Nessun governo della zona euro mette in discussione questo principio. Al tempo stesso, le economie maggiori dell’Ue cercano di mantenere una «super-rappresentanza» attraverso meccanismi facili da intuire: per esempio, attraverso la tesi di Sarkozy che un francese, data la gravità della crisi dell’euro, debba per forza sedere nel Comitato esecutivo della Bce, composto da sei membri (i Paesi della zona euro sono 17, quindi solo un governo su tre potrebbe permettersi un ragionamento del genere).

Corollario scontato di questa regola non scritta alla francese è che due italiani non possano sedere assieme nel Comitato esecutivo. In realtà, non esiste alcuna regola scritta sulla nazionalità dei membri del Comitato esecutivo: proprio perché, per Statuto, non sono rappresentanti dei rispettivi governi ma sono membri indipendenti, che rispondono alle istituzioni europee. In quanto tali, siedono nel «Governing Council» della Bce assieme ai 17 governatori delle Banche centrali nazionali, fra cui il prossimo governatore della Banca d’Italia.

Uff, si dirà: che rompicapo, e che noia. Sì, ma bisogna fare uno sforzo per capire. Perché l’Europa funziona esattamente così, almeno per ora: funziona in base a intese fra governi che hanno ceduto parte della loro sovranità a Francoforte e Bruxelles; ma cercano di mantenere un’influenza. Ciò significa che le regole scritte sulla carta saranno sempre bilanciate da regole non scritte: da accordi informali fra i governi nazionali, che dopo tutto sono gli stakeholders dell’Europa, assieme ai suoi cittadini. In questo caso specifico, Sarkozy e Berlusconi - rendendo pubblico un accordo informale di per sé comprensibile - hanno fatto finta di dimenticarsi le regole scritte. Da parte sua, Lorenzo Bini Smaghi ha fatto finta di non sapere come funziona realmente l’Europa di oggi.

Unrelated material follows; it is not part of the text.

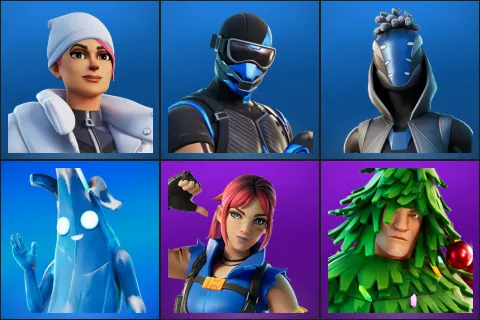 Blizzard Bomber, Fixer, Sultura, Polar Peely, Explorer Emilie, Lt. Evergreen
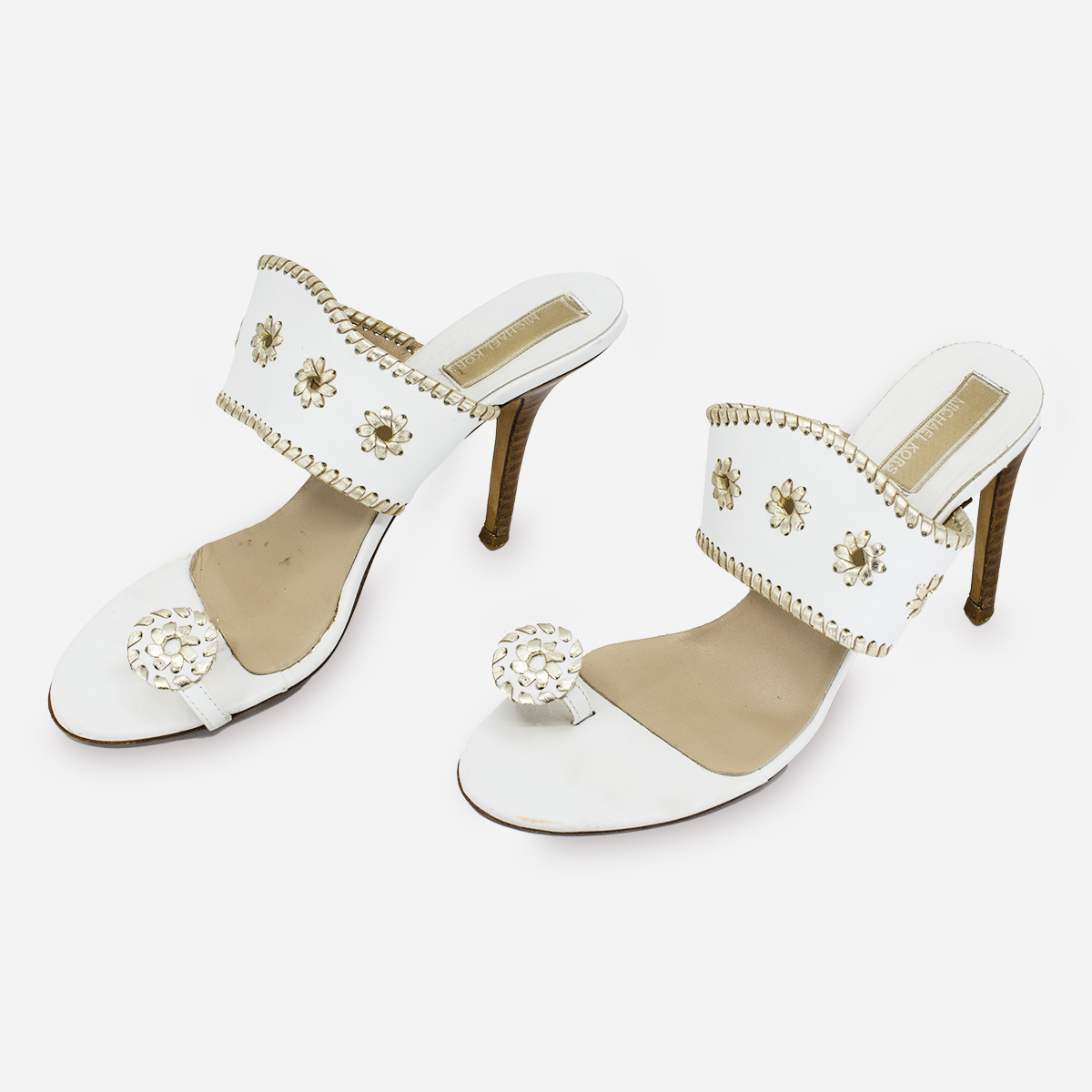 Michael Kors white sandals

Si può trarre, da questo caso specifico, una conclusione abbastanza brutale: l’esistenza di regole scritte e non scritte, con le tensioni che ne derivano, è uno dei molti riflessi di un sistema di governo, quello dell’Europa, tutt’altro che ottimale. C’è chi dirà (la scuola «pragmatica» sull’Europa) che è l’unico sistema possibile, nelle condizioni date. C’è chi sostiene (gli euro-ottimisti) che l’Ue è in realtà un caso «unico», unico nel senso di migliore di altri. E c’è chi pensa (gli euro-scettici ma anche i federalisti, da poli opposti) che così non può più funzionare. Perché a furia di restare a metà - un’Unione fra Stati ma non una Federazione di Stati, un’unione monetaria ma non un’unione fiscale - l’Europa fallirà.

I prossimi mesi saranno decisivi: come risultato della crisi del debito in Europa, l’euro si spaccherà o l’Unione europea farà un passo in avanti. In passato, le crisi hanno spesso rafforzato l’Europa - e le sue regole, scritte e non scritte. Questa volta, vista la situazione della Grecia e i rischi di contagio, sembra difficile credervi. Ma la posta in gioco è molto più alta - per le singole economie e per la tenuta dell’Ue - di quanto sia mai stata da vari decenni a questa parte.